(Short web captions)
######

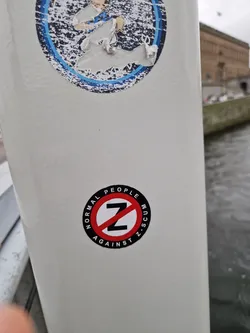 A round sticker with a red circle and a slash over the letter Z. The text around the circle says "NORMAL PEOPLE AGAINST Z SCUM".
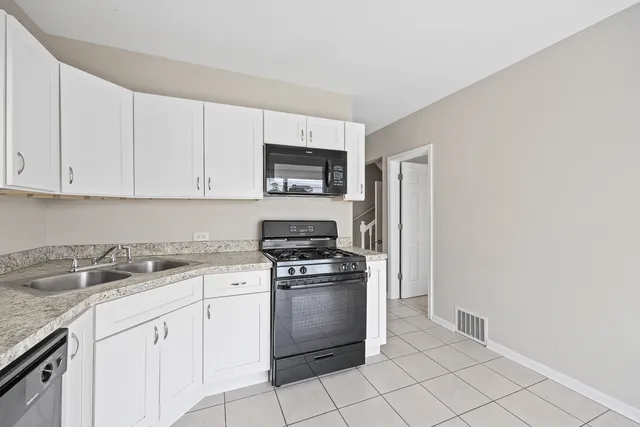 a kitchen with granite countertop white cabinets and stainless steel appliances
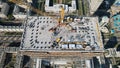 Aerial view of a crane over the skyscraper building  -construction in an urban city Royalty Free Stock Photo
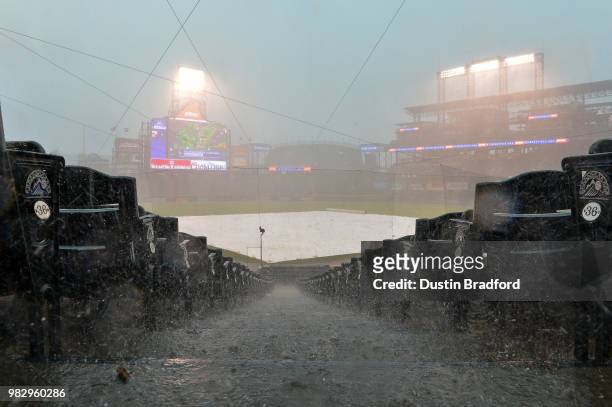 Rain and hail falls on the field during a weather delay before a scheduled game between the Colorado Rockies and the Miami Marlins at Coors Field on...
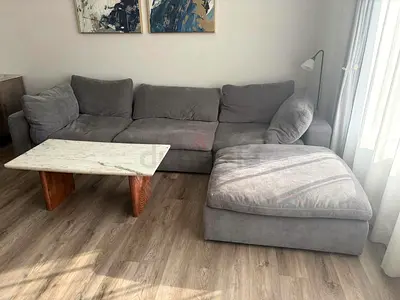 Looks Like a new Pan Emirates Pianca Corner feather filled sofa with footstool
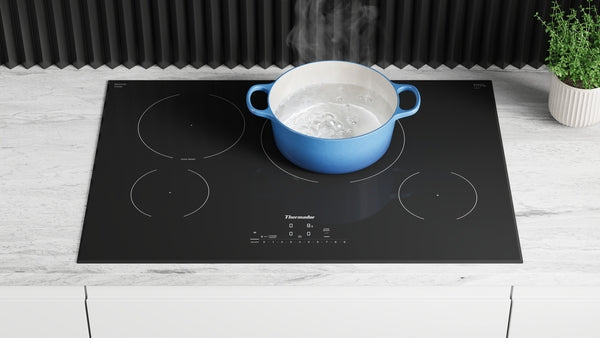 Black glass induction cooktop with four burners heating a blue pot of boiling water in modern kitchen setting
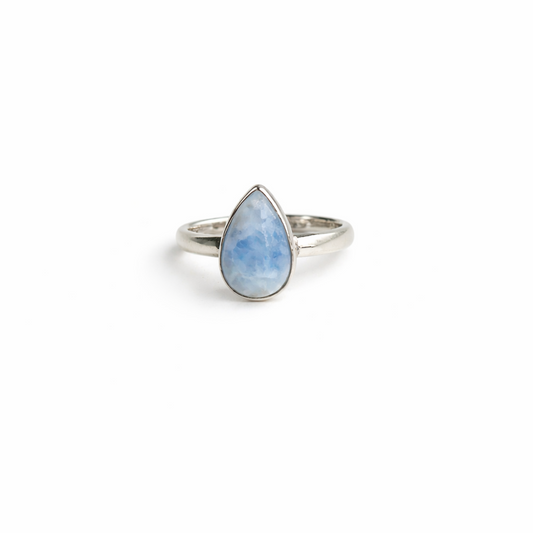 Silver ring with a teardrop-shaped blue stone on a white background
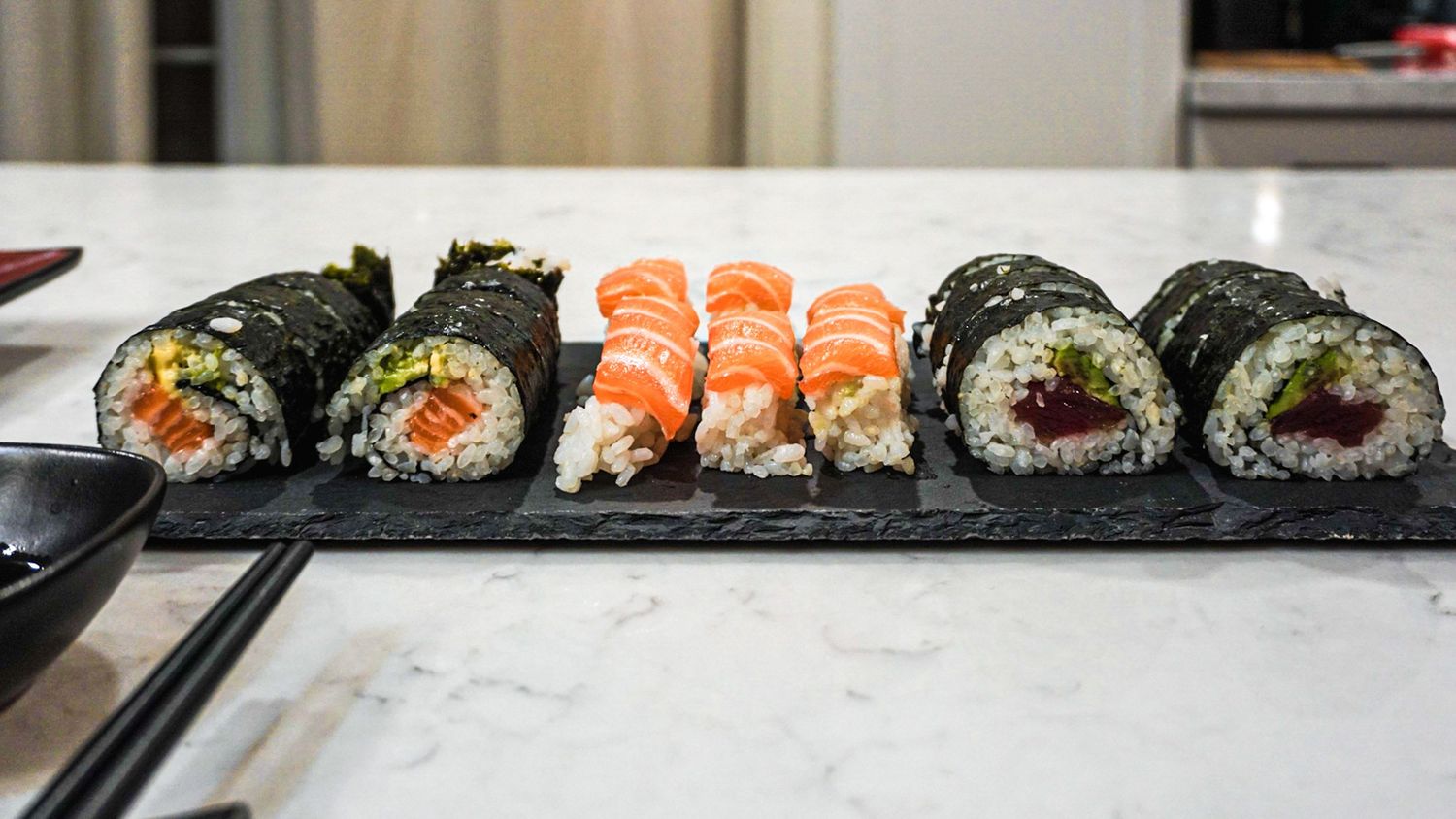 Assorted sushi rolls arranged in neat rows on a white serving platter.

######

Exact reproduction of the entries above is what's needed; images stay out.

# Response area:
 A round sticker with a red circle and a slash over the letter Z. The text around the circle says "NORMAL PEOPLE AGAINST Z SCUM".
 a kitchen with granite countertop white cabinets and stainless steel appliances
 Aerial view of a crane over the skyscraper building  -construction in an urban city Royalty Free Stock Photo
 Rain and hail falls on the field during a weather delay before a scheduled game between the Colorado Rockies and the Miami Marlins at Coors Field on...
 Looks Like a new Pan Emirates Pianca Corner feather filled sofa with footstool
 Black glass induction cooktop with four burners heating a blue pot of boiling water in modern kitchen setting
 Silver ring with a teardrop-shaped blue stone on a white background
 Assorted sushi rolls arranged in neat rows on a white serving platter.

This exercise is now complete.